BEGIN INFORMATION GIVEN

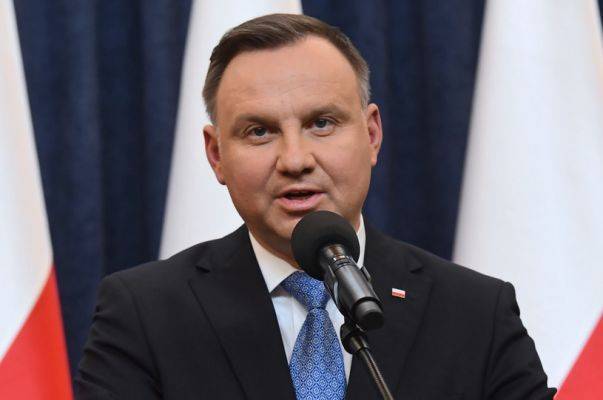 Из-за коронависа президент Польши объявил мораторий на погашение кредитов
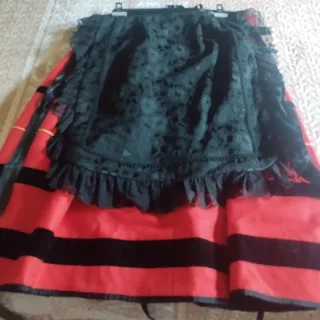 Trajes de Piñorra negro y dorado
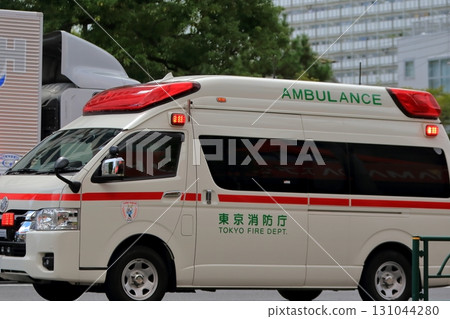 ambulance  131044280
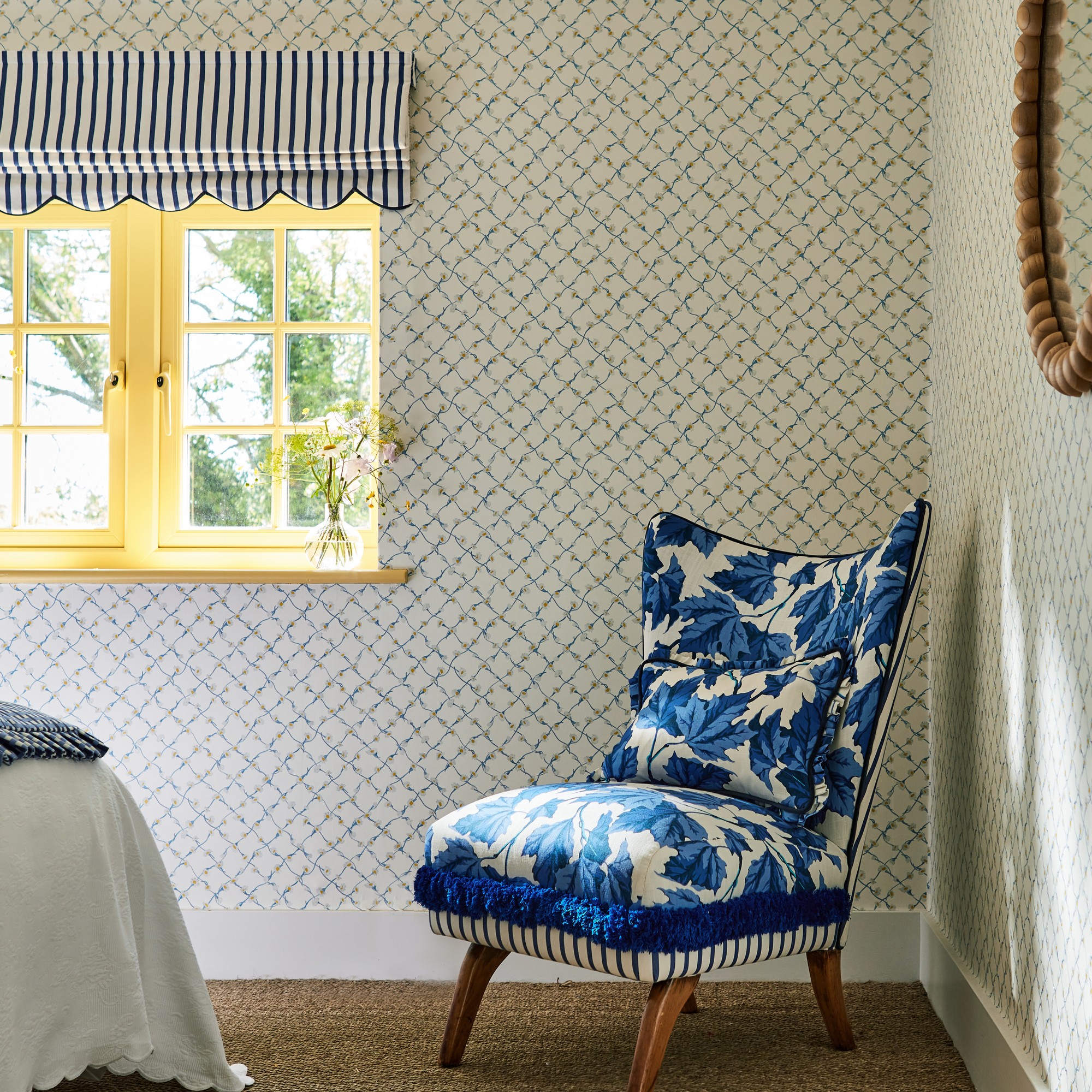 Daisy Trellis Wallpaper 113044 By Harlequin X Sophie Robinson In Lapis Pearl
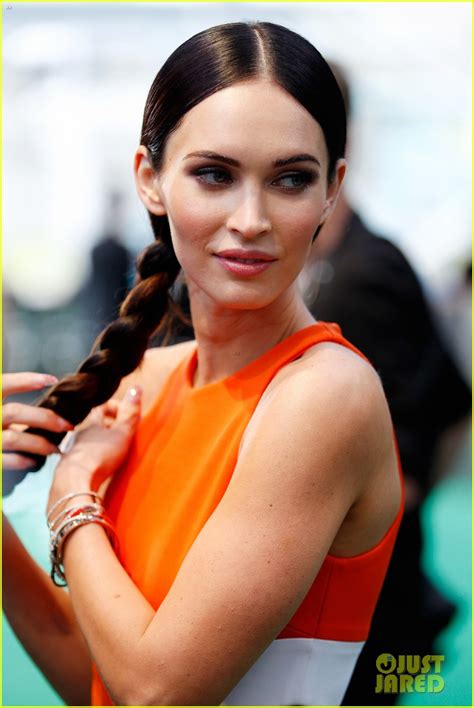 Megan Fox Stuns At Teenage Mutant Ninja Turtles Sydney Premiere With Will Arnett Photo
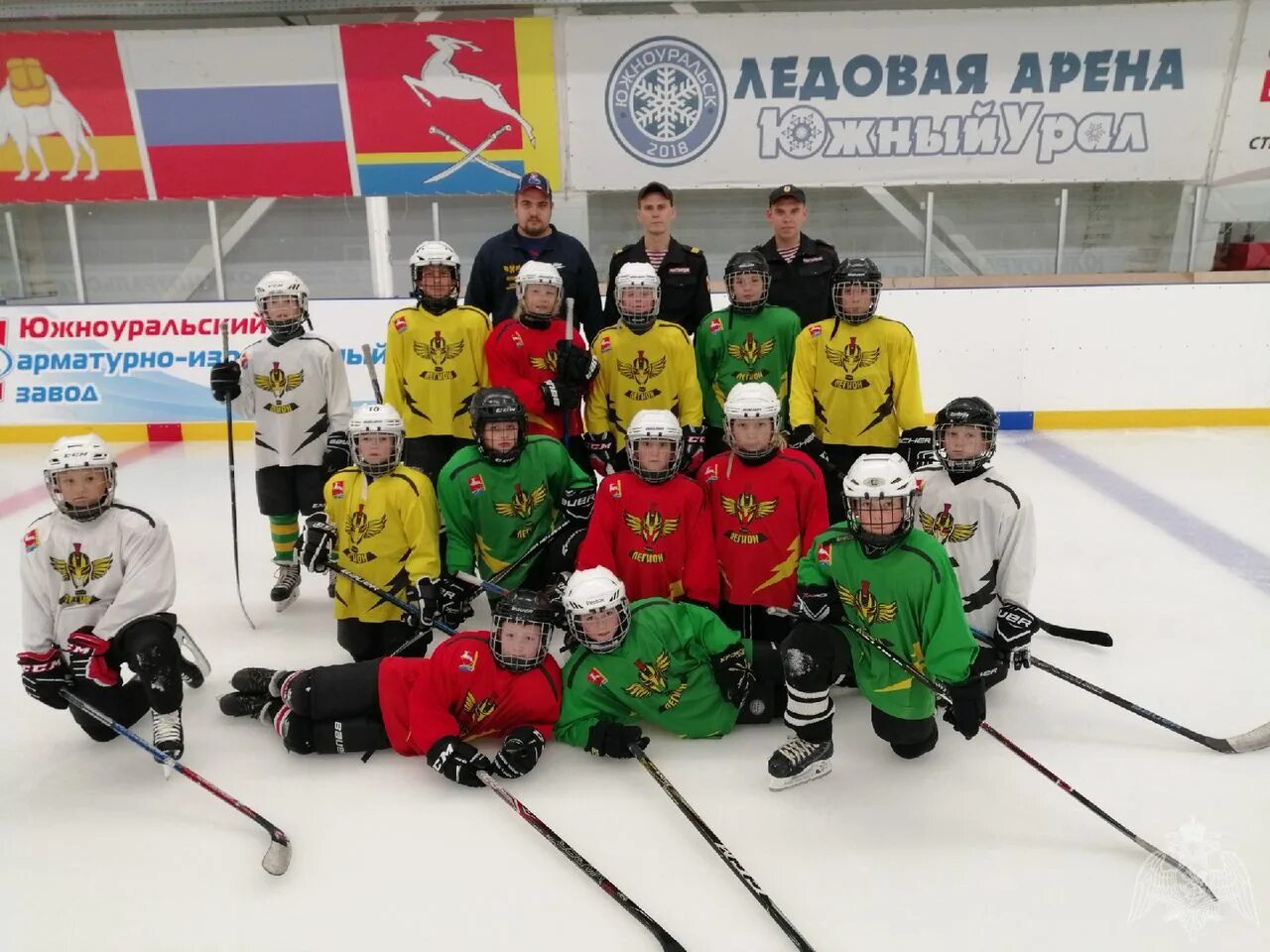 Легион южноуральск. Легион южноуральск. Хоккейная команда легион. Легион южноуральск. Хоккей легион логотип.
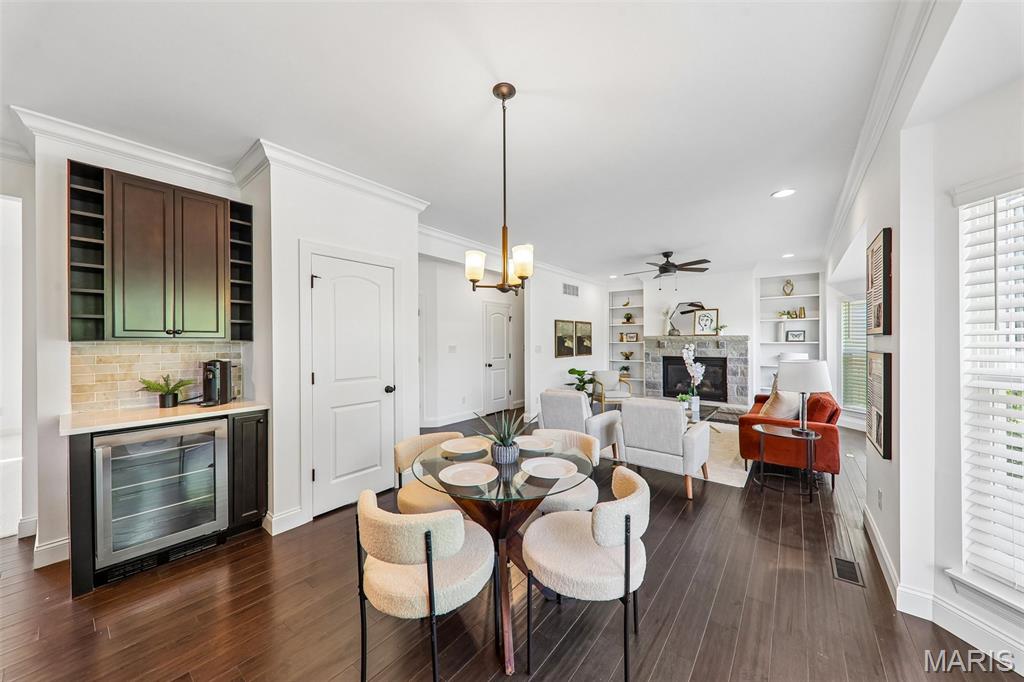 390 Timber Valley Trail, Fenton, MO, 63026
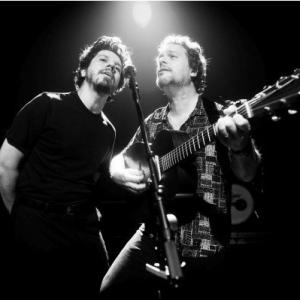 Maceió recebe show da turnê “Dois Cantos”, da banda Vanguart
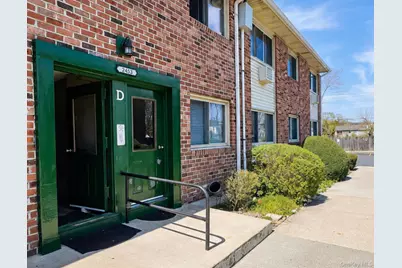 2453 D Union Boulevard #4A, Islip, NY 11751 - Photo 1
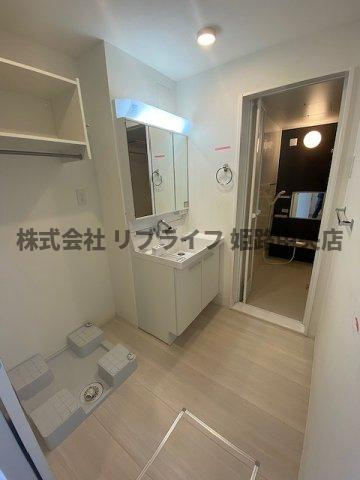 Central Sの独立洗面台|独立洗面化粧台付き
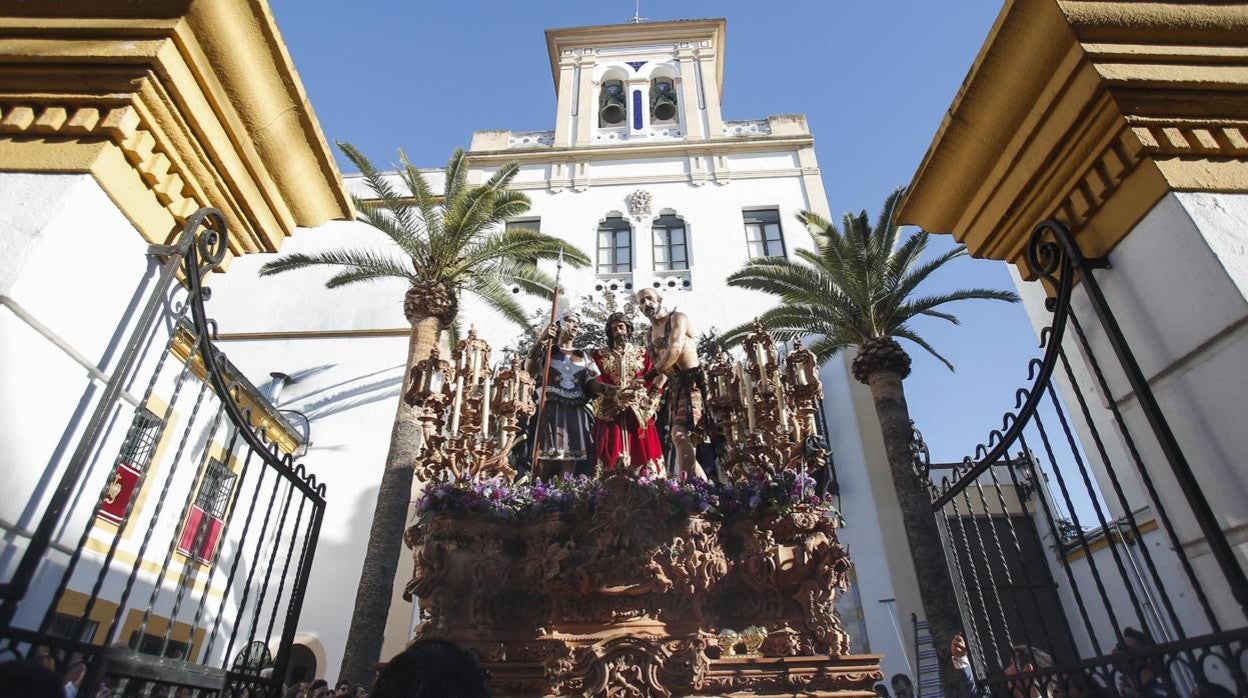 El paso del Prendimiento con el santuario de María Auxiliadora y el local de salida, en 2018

END INFORMATION GIVEN

TASK REQUIREMENTS: In the reply, give again exactly the lines from the beginning of the entries above through the line with "Megan Fox Stuns"; pictures stay out.

YOUR SOLUTION:
 Из-за коронависа президент Польши объявил мораторий на погашение кредитов
 Trajes de Piñorra negro y dorado
 ambulance  131044280
 Daisy Trellis Wallpaper 113044 By Harlequin X Sophie Robinson In Lapis Pearl
 Megan Fox Stuns At Teenage Mutant Ninja Turtles Sydney Premiere With Will Arnett Photo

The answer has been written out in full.